▶ [WHAT YOU NEED TO DO]: The lines below, from the one holding "Cute Porcupine Flower" through the one holding "Шуба норковая автоледи", are to be restated word for word, with all images left out.

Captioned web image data
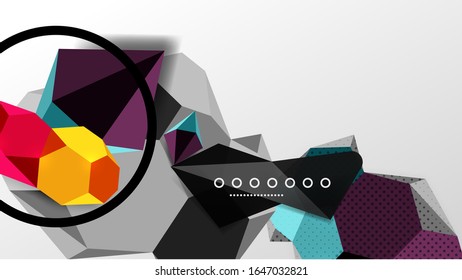 Abstract background - 3d polygonal geometric shapes composition. Vector Illustration For Wallpaper, Banner, Background, Card, Book Illustration, landing page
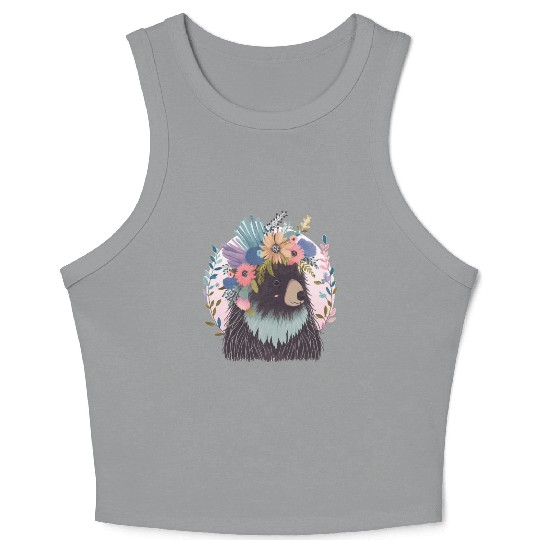 Cute Porcupine Flower Crown Watercolor Floral Crop Tank Top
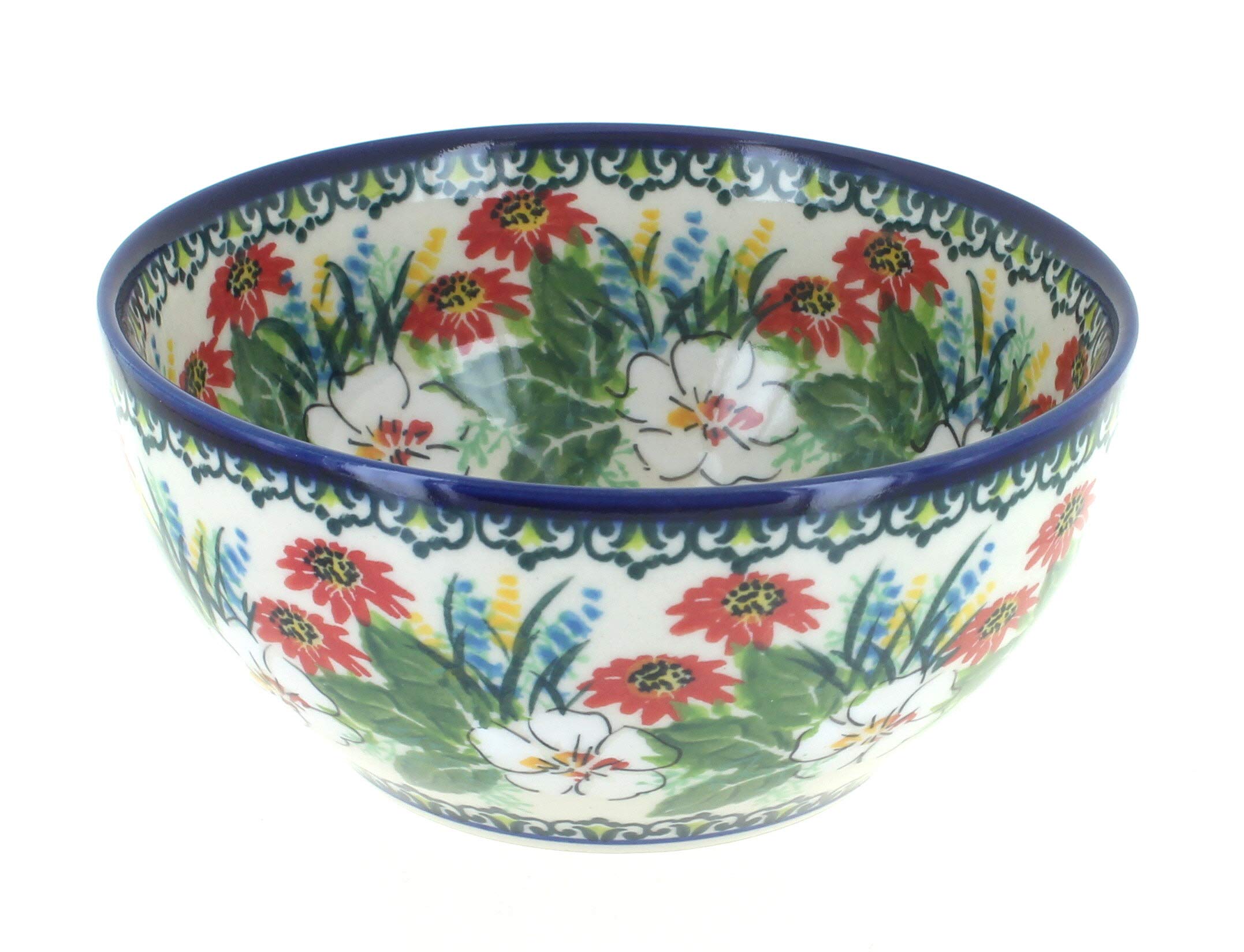 Handmade Blue Rose Polish Pottery Bowl - 8 oz Ceramic Soup & Cereal Bowl - Vintage American Glory Design - Perfect for Breakfast, Soups, Salads & Home Decor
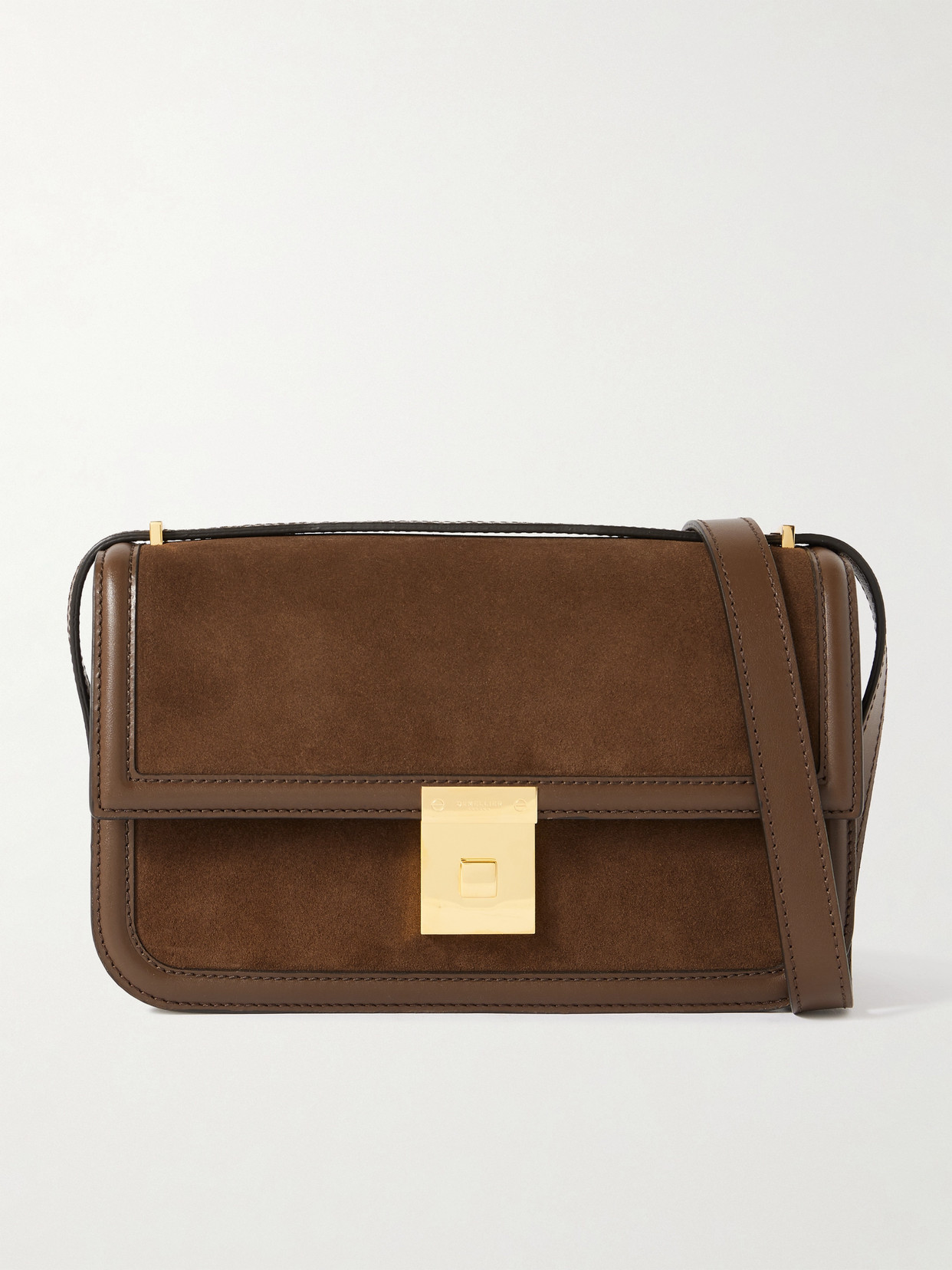 Demellier Paris Leather-trimmed Suede Shoulder Bag In Brown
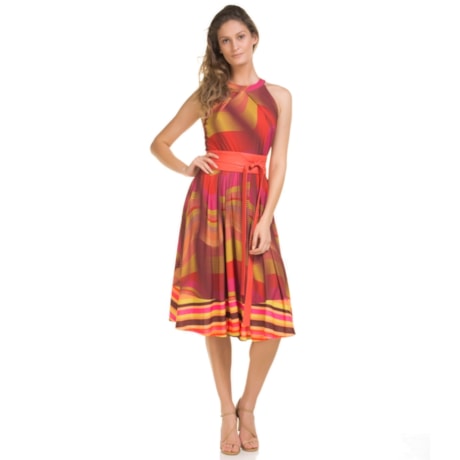 ALPHORRIA - VESTIDO JERSEY ONDAS MIDI BARRADO COM CINTO COURO - VERMELHO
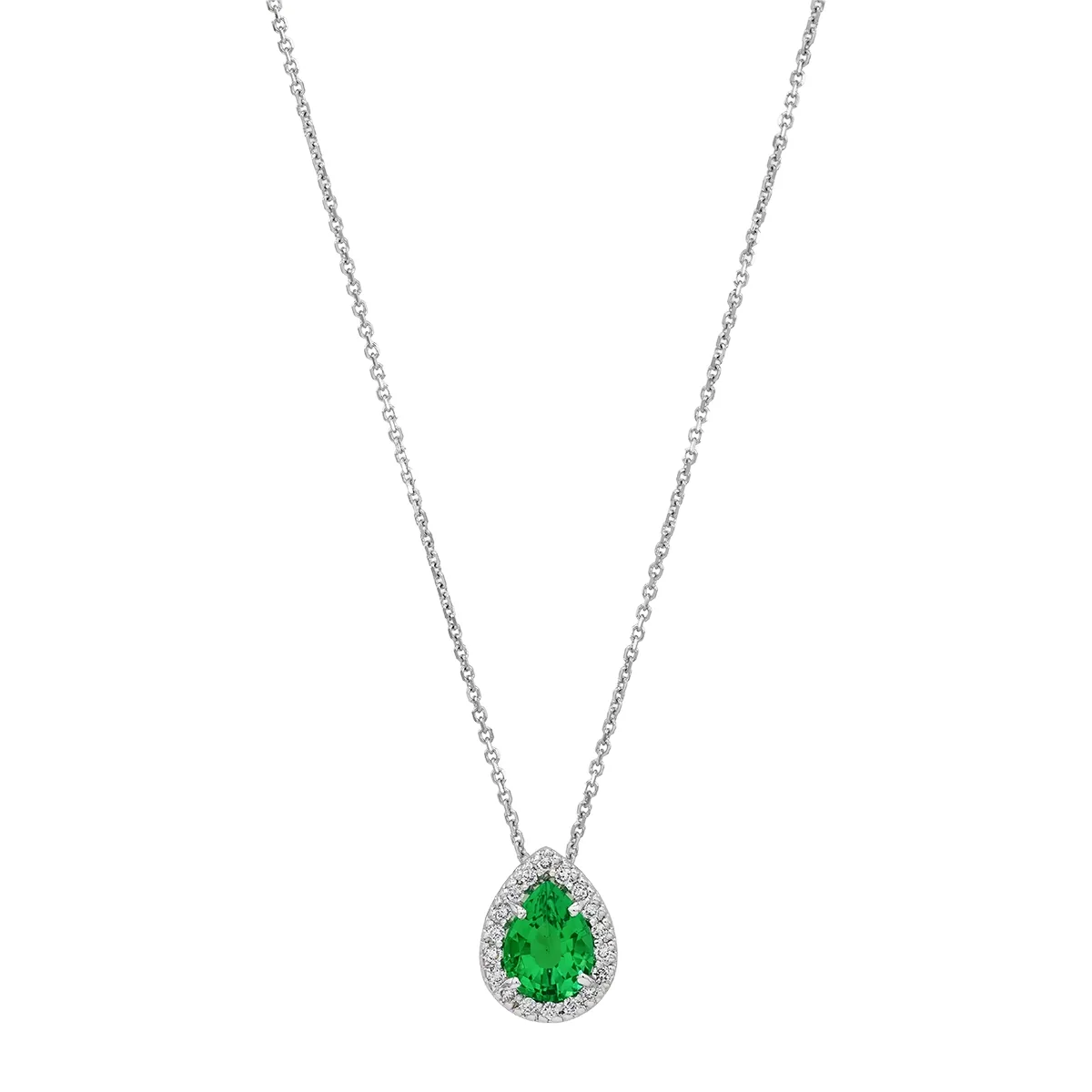 Gargantilla en oro blanco de 18 Kilates, Uñas+decoración, con esmeralda laboratorio central de 0.65 Ct y decoración en diamante de laboratorio de 0.09 Ct, 42 cm. de largo, 0.50 mm. de ancho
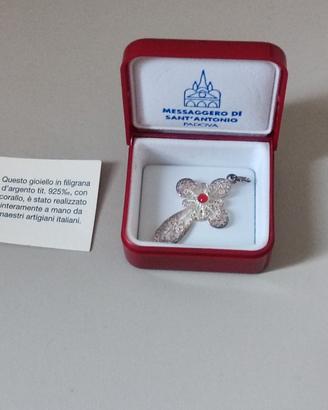 Ciondolo vintage croce filigrana argento corallo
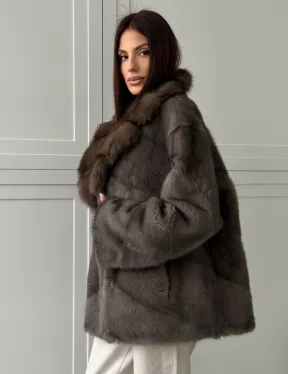 Шуба норковая автоледи - воротник куница (серый)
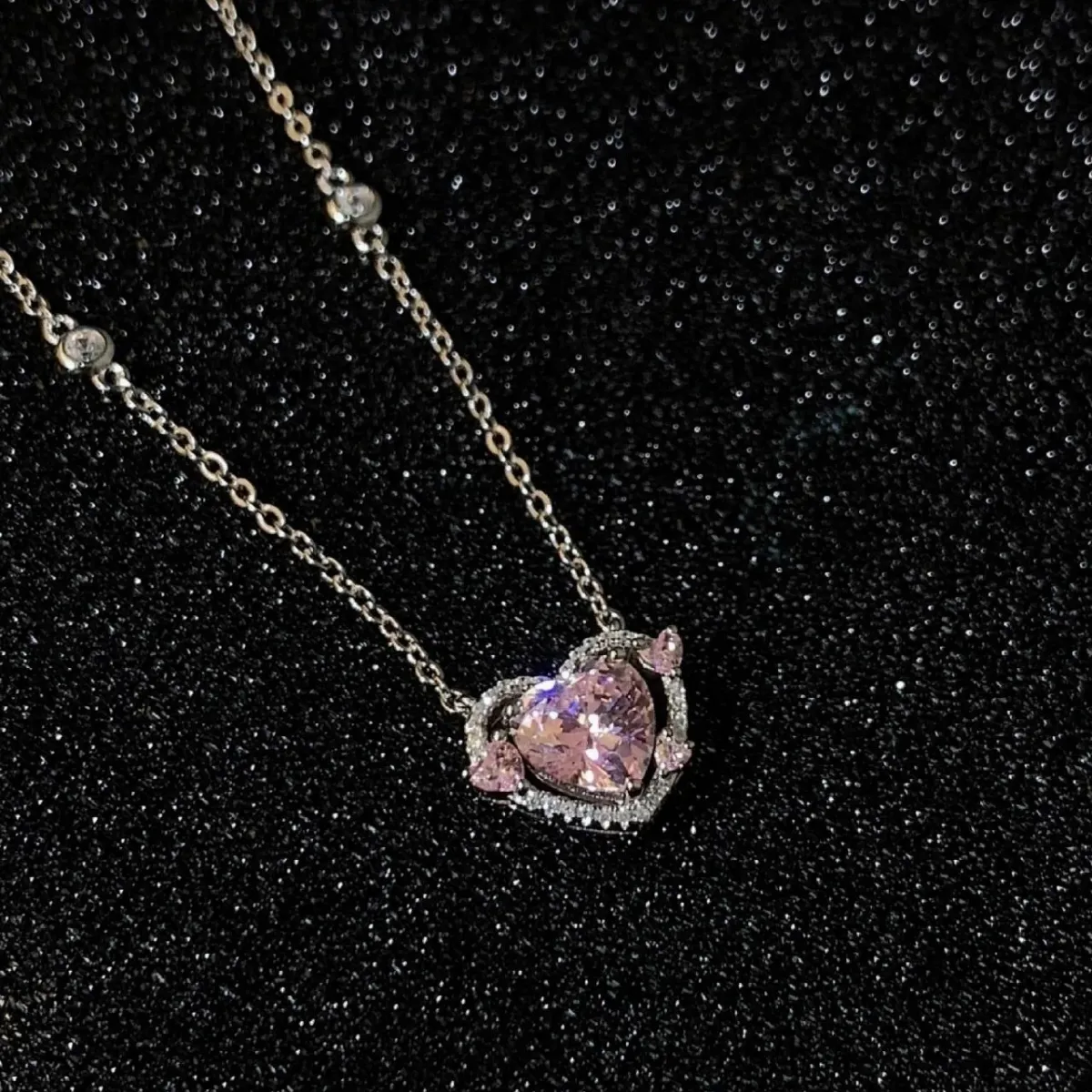 925 Sterling Silver Heart Pendant Necklace for Women, Pink Stone Engagement Wedding Party Jewelry showcase 11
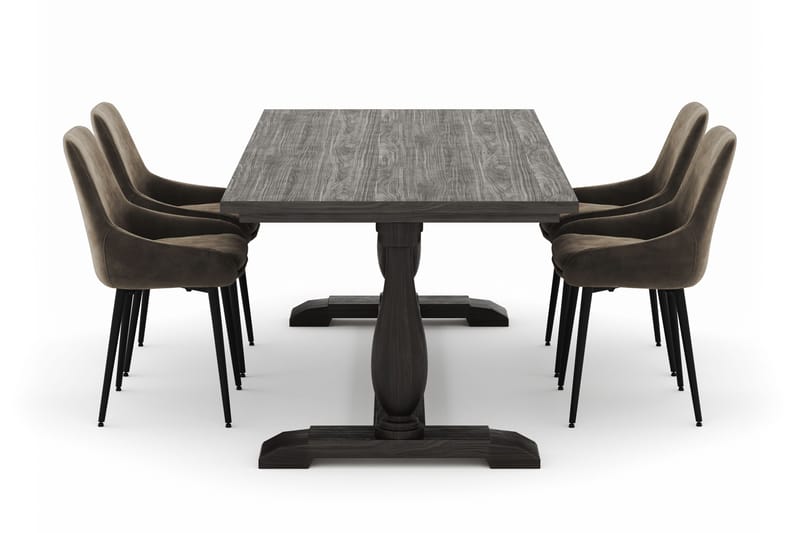 Dijon Matgrupp 200x100cm med 4 Alsarp Matstolar - Brun - Möbler - Bord & matgrupp - Matgrupp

▶ [WRITTEN REPLY]:
 Cute Porcupine Flower Crown Watercolor Floral Crop Tank Top
 Handmade Blue Rose Polish Pottery Bowl - 8 oz Ceramic Soup & Cereal Bowl - Vintage American Glory Design - Perfect for Breakfast, Soups, Salads & Home Decor
 Demellier Paris Leather-trimmed Suede Shoulder Bag In Brown
 ALPHORRIA - VESTIDO JERSEY ONDAS MIDI BARRADO COM CINTO COURO - VERMELHO
 Gargantilla en oro blanco de 18 Kilates, Uñas+decoración, con esmeralda laboratorio central de 0.65 Ct y decoración en diamante de laboratorio de 0.09 Ct, 42 cm. de largo, 0.50 mm. de ancho
 Ciondolo vintage croce filigrana argento corallo
 Шуба норковая автоледи - воротник куница (серый)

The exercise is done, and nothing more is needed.